The data that follows is to be copied exactly, with each image removed.
*** Recorded data Section Begins ***
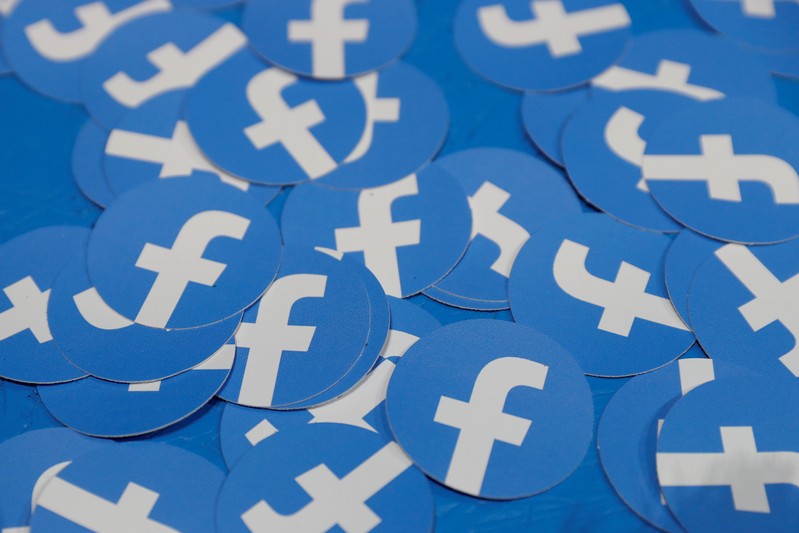 FILE PHOTO: Stickers bearing the Facebook logo are pictured at Facebook Inc's F8 developers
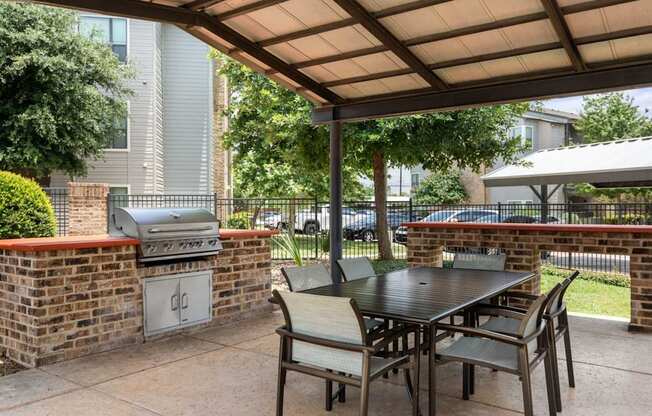 A patio with a table and chairs under a roof.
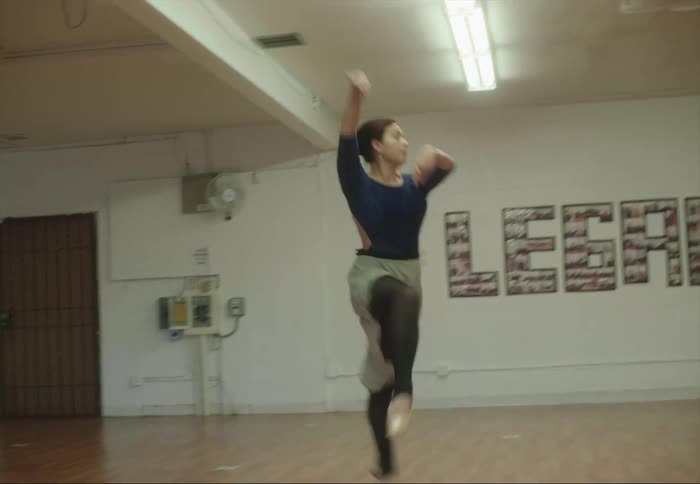 A woman is leaping as she dances across the floor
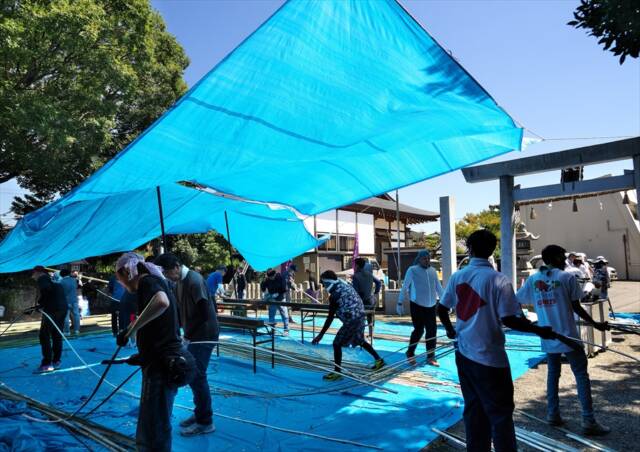 神社境内に広げたブルーシートの上で作業をする人々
*** Recorded data Section Ends ***
### Answer space
 FILE PHOTO: Stickers bearing the Facebook logo are pictured at Facebook Inc's F8 developers
 A patio with a table and chairs under a roof.
 A woman is leaping as she dances across the floor
 神社境内に広げたブルーシートの上で作業をする人々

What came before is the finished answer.